Maclaurin series representation of cos(2x^3)

[hjaleta]

Hello!

I came across an problem in Calculus. Exercise 2 in chapter 9.6. It goes:

Find the Maclaurin representation of cos(2x³)

In the method used in the book, they used the series expansion for cos(x)= 1 - x²/2! + x⁴/4! + x⁶/6! ...
and then substituted x with 2x³, resulting in the series 1 - (2x³)²/2! + (2x³)⁴/4! + (2x³)⁶/6! ...

However, the second derivative of cos(2x³) is equal to zero, if x=0, which is the definition of a maclaurin polynomial.

f'=-6x²sin(2x³), f'' = -12xcos(2x³) - 36x⁴sin(2x³)

How can the term (2x³)²/2! then exist in the expansion?

 

[tkhunny]

Hello!

I came across an problem in Calculus. Exercise 2 in chapter 9.6. It goes:

Find the Maclaurin representation of cos(2x³)

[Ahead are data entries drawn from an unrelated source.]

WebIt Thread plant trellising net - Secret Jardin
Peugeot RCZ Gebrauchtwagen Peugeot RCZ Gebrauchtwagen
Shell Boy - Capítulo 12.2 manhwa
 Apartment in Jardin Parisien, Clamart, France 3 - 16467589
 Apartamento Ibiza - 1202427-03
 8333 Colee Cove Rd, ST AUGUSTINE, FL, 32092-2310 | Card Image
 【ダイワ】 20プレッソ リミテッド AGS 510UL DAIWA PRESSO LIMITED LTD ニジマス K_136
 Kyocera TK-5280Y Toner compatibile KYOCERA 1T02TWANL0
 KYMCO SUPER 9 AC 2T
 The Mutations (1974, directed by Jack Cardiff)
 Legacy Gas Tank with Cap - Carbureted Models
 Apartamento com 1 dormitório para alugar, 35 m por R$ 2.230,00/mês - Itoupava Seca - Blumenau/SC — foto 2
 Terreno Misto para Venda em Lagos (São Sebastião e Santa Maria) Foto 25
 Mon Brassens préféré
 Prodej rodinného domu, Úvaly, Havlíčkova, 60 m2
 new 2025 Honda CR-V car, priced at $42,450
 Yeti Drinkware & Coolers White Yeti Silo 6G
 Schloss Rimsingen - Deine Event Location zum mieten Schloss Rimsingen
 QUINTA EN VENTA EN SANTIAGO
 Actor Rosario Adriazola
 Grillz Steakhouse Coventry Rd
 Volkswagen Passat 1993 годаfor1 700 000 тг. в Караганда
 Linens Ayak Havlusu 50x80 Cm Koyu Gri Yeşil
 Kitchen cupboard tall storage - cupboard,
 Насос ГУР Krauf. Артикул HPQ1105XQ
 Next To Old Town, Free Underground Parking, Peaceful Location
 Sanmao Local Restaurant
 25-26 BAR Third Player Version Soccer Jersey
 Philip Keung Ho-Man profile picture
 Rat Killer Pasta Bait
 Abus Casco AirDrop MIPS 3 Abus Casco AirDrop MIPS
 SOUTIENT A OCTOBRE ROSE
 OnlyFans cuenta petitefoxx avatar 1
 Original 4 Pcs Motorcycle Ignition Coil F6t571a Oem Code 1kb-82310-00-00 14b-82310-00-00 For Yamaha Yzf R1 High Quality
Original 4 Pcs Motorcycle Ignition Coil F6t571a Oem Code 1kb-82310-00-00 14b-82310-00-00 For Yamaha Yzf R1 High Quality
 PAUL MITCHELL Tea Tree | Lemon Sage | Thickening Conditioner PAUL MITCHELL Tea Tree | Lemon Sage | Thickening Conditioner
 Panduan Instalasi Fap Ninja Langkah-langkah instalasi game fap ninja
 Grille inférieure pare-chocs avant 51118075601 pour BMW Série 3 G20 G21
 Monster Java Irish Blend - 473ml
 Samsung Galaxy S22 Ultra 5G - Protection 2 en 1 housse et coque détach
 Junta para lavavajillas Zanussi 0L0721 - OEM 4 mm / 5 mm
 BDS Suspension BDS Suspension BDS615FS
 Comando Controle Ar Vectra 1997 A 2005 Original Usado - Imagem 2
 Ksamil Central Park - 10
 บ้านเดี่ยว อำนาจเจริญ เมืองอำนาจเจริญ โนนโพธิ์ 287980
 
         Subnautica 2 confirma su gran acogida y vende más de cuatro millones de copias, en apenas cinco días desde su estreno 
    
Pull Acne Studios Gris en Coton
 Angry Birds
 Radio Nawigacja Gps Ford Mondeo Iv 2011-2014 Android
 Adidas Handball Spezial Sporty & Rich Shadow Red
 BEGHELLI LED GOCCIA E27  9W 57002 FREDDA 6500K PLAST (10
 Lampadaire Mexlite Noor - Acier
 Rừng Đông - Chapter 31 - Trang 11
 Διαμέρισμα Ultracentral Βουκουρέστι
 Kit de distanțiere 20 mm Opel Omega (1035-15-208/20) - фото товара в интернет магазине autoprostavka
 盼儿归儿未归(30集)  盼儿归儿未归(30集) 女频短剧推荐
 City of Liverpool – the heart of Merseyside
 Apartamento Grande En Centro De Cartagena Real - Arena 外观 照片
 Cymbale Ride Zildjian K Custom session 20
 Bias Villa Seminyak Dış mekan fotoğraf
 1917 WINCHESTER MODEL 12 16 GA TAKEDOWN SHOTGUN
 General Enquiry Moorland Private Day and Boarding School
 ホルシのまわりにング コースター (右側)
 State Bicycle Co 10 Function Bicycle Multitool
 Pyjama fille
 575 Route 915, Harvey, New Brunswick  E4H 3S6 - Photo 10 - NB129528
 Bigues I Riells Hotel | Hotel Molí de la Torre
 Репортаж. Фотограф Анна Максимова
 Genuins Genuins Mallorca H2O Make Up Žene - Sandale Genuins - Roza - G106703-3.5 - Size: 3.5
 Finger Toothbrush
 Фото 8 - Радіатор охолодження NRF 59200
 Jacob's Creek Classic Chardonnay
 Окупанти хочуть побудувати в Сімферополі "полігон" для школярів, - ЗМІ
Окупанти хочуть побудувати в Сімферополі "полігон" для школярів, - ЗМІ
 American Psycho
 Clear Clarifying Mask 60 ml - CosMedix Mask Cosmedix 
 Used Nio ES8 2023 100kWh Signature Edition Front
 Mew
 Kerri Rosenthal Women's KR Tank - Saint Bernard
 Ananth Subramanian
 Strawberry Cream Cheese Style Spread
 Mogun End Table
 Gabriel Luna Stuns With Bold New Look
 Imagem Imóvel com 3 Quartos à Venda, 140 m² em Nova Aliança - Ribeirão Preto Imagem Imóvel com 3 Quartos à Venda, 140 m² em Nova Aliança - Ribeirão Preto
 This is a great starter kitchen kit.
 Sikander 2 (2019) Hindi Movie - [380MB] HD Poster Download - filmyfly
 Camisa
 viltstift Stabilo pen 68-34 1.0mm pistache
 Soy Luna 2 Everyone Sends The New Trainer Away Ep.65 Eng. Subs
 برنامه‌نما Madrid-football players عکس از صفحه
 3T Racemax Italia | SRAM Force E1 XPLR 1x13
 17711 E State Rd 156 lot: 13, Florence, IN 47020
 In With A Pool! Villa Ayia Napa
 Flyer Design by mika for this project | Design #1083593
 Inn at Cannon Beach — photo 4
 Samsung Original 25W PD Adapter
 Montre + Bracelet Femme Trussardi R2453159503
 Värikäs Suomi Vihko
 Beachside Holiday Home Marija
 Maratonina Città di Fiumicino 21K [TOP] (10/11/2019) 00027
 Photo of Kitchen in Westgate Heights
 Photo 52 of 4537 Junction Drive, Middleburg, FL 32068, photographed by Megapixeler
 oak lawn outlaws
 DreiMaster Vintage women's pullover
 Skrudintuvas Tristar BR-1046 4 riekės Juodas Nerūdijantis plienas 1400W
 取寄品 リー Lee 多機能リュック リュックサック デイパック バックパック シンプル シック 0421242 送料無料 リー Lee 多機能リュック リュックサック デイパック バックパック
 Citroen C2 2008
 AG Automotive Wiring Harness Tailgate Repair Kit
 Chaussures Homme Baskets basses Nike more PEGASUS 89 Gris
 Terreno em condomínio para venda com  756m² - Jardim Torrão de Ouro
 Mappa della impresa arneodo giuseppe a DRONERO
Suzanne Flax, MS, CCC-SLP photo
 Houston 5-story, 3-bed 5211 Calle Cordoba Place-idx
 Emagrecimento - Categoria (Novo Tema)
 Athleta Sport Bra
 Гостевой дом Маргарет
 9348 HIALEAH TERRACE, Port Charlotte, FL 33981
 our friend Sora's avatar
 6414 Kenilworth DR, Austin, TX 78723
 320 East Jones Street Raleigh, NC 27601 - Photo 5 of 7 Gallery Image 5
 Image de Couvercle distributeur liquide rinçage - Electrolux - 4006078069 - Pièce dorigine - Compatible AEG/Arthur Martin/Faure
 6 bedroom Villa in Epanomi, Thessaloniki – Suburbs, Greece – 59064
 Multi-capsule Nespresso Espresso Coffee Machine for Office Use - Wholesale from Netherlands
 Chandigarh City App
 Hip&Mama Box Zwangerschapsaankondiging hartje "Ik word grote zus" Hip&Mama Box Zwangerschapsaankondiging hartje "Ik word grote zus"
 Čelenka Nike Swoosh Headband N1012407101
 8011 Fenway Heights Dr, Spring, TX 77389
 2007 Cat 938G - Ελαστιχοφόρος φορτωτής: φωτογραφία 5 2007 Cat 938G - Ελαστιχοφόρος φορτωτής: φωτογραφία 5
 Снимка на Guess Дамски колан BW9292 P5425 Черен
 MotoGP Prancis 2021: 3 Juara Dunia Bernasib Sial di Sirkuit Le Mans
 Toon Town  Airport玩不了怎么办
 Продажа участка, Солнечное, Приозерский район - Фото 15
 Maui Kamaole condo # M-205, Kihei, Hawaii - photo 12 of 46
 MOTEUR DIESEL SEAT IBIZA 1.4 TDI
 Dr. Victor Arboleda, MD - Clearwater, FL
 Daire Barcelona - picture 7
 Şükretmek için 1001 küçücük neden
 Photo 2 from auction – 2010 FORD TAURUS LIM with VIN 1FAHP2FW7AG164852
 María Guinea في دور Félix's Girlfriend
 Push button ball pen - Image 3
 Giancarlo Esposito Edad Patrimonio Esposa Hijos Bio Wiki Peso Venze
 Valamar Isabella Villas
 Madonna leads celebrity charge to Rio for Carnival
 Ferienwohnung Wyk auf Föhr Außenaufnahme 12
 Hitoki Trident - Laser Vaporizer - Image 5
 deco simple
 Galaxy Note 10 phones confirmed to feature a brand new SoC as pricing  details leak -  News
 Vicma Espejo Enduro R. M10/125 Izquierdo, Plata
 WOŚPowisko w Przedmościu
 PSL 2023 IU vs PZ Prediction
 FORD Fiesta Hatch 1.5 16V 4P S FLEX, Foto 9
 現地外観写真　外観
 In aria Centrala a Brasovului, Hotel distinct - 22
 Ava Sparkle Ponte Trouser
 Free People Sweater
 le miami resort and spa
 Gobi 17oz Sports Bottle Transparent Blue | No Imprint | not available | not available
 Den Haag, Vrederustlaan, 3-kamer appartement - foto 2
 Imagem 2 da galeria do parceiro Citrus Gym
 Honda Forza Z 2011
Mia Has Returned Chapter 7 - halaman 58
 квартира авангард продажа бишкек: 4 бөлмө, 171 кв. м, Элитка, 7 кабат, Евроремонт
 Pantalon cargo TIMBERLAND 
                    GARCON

In the method used in the book, they used the series expansion for cos(x)= 1 - x²/2! + x⁴/4! + x⁶/6! ...
and then substituted x with 2x³, resulting in the series 1 - (2x³)²/2! + (2x³)⁴/4! + (2x³)⁶/6! ...

However, the second derivative of cos(2x³) is equal to zero, if x=0, which is the definition of a maclaurin polynomial.

f'=-6x²sin(2x³), f'' = -12xcos(2x³) - 36x⁴sin(2x³)

How can the term (2x³)²/2! then exist in the expansion?

Thought Question: Is there a term-by-term equivalence between the result of the more convenient method given by your book and what you would expect if you calculate the individual derivatives?

 

[Steven G]

Hello!

I came across an problem in Calculus. Exercise 2 in chapter 9.6. It goes:

Find the Maclaurin representation of cos(2x³)

In the method used in the book, they used the series expansion for cos(x)= 1 - x²/2! + x⁴/4! + x⁶/6! ...
and then substituted x with 2x³, resulting in the series 1 - (2x³)²/2! + (2x³)⁴/4! + (2x³)⁶/6! ...

However, the second derivative of cos(2x³) is equal to zero, if x=0, which is the definition of a maclaurin polynomial.

f'=-6x²sin(2x³), f'' = -12xcos(2x³) - 36x⁴sin(2x³) This is not true

How can the term (2x³)²/2! then exist in the expansion?

f'' \(\displaystyle \neq\) -12xcos(2x³) - 36x⁴sin(2x³)